Note that the main reason people seem to do this is so you can do
class Foo f where
bar :: f -> Int
baz :: f -> Bool
data AnyFoo = forall f. Foo => AnyFoo f
my_list :: [AnyFoo]
...
This is widely considered a Haskell anti-pattern. In particular, if you upcast stuff in Java to put it into a list, you then later downcast it again. But the code above offers no possibility to ever downcast. You also can't use run-time reflection (since Haskell doesn't have that either). So really, if you have a list of AnyFoo, the only thing you can do with it is call foo or bar on it. So... why not just store the result of foo and bar?
data AnyFoo = AnyFoo {foo :: Int, bar :: Bool}
It lets you do exactly the same stuff, but doesn't require any non-standard extensions. In fact, in some ways, it's actually a bit more flexible. You now don't even need a Foo class, you don't need to define a new type for every sort of Foo you might have, just a function that constructs the AnyFoo data structure for it.
It depends what you mean by "dynamic" dispatch. There aren't subtyping in haskell, so your Java example is hard to translate.
In situation when you have type class, say Show and want to put different elements into the list, you can use existential quantification:
{-# LANGUAGE ExistentialQuantification #-}
data Showable = forall a. Show a => Showable a
instance Show Showable where
show (Showable x) = show x
test :: main ()
test = let list = [Showable True, Showable "string"]
in print list
-- >>> test
-- [True,"string"]
Here you can say that dispatch happens "dynamically". It happens in the same way as in C++ or Java. The Show dictionary is carried with an object, like a vtable in C++ (or class definition ptr in Java, dunno how it's called).

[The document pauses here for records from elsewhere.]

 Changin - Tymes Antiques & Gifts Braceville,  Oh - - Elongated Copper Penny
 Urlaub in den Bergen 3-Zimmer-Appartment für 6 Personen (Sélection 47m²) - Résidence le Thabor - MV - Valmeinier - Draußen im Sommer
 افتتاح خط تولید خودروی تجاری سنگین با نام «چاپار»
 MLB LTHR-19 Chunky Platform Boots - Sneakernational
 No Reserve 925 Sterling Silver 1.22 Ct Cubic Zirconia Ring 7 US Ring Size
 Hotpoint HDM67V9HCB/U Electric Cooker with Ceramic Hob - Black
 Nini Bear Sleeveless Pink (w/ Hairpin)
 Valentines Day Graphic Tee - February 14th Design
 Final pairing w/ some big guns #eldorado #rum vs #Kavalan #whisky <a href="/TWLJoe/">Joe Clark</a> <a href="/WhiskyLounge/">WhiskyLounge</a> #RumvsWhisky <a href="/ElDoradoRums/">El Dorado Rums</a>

Yet, as #MathematicalOrchid explained, this is an anti-pattern.
Yet if you want to flip from Left to Right and back, you can state that in type class definition.
{-# LANGUAGE ExistentialQuantification #-}
{-# LANGUAGE FunctionalDependencies #-}
class Flippable a b | a -> b where
flip' :: Flippable b a => a -> b
newtype INL = INL Int deriving Show
newtype INR = INR Int deriving Show
instance Flippable INL INR where
flip' (INL x) = INR x
instance Flippable INR INL where
flip' (INR x) = INL x
-- >>> flip' $ INL 1
-- INR 1
-- >>> flip' $ flip' $ INL 1
-- INL 1
In this case flip' calls are resolved already at compile-time.
You could have have class Flip a where flip' :: a -> Flippable using existential quantification too. Then consecutive calls will be dispatched dynamically. As always, it depends on your needs.
{-# LANGUAGE ExistentialQuantification #-}
{-# LANGUAGE FunctionalDependencies #-}
{-# LANGUAGE StandaloneDeriving #-}
class Flip a where
flip' :: a -> Flippable
-- Show is only for repl purposes
data Flippable = forall a. (Flip a, Show a) => Flippable a
deriving instance Show Flippable
instance Flip Flippable where
flip' (Flippable x) = flip' x
newtype INL = INL Int deriving Show
newtype INR = INR Int deriving Show
instance Flip INL where
flip' (INL x) = Flippable (INR x)
instance Flip INR where
flip' (INR x) = Flippable (INL x)
-- >>> flip' $ flip' $ flip' $ INL 1
-- Flippable (INR 1)
Hopefully this answers your question.